A few days later mobile service came to my workplace and replaced whatever faulty component was in the charge port assembly, and also did some further testing and another temp sensor replacement (same one? different one?) for the HVAC issue.

That was about three weeks ago. Since then, I’ve had no trouble with software updates, and the Auto HVAC behaves sensibly. Or at least reasonably — it chooses vent positions and fan-speeds in a way that makes sense for any given thermostat setting, even if it’s not quite the way I’d prefer. 

That last mobile service visit noticed a loose wire in the rear view mirror assembly and warned that I should get in touch again if I saw problems with the auto-dimming feature. (Since they didn’t have parts on hand to preemptively fix it.) Sure enough, once it got dark that night, my side mirrors were dimming but the rear view wasn’t.

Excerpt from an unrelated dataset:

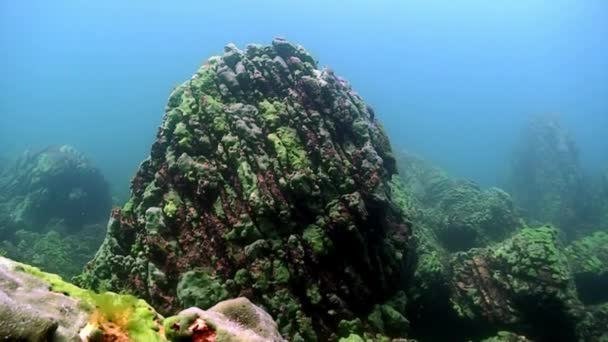 Podwodne kamienie na dnie jeziora Bajkał. — Wideo stockowe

The part for that was on order for awhile, so I’ll be seeing mobile service again next week (when I can arrange my work schedule so I’m within walking distance of where I park).


----------



## Rick Steinwand (May 19, 2018)

I'm glad you got this figured out.

The oddity that I notice is IMO, the vents shouldn't blow much air during cold temps. Every vehicle I had blew heat primarily out the floor and the vents were used primarily for cooling. I'm seeing a lot of air coming out of the vents when outside temp is below freezing, which creates a cold draft.


----------



## Bigredtisa (Dec 13, 2018)

I am new to this forum so excuse me if I am not posting correctly.
My question is, is there anyway to turn off one side of the vents and keep the other side cooling?


----------



## PaulK (Oct 2, 2017)

Bigredtisa said:


> I am new to this forum so excuse me if I am not posting correctly.
> My question is, is there anyway to turn off one side of the vents and keep the other side cooling?


Welcome to the forum!

No, you can't turn one side off. Best you can do is direct vents split all the way high and to the sides. And, obviously increase the temperature set point a bit.


----------



## PaulK (Oct 2, 2017)

Here’s something that I believe has changed for the worse in a recent update: turning off the AC takes the car out of “auto” mode. 

It used to behave like most other cars, when in auto mode, if you turn off the AC compressor it would remain in auto - still adjusting fan speed and moving airflow to feet when heating or face when cooling. 

Also, when in auto mode the system recently seems to nearly always blow air at my face, unless very very cold inside. 

Hopefully they continue to improve the climate control system.


----------



## MelindaV (Apr 2, 2016)

PaulK said:


> Here's something that I believe has changed for the worse in a recent update: turning off the AC takes the car out of "auto" mode.


In my experience, this has been the case since at least fw 2018.36.2


----------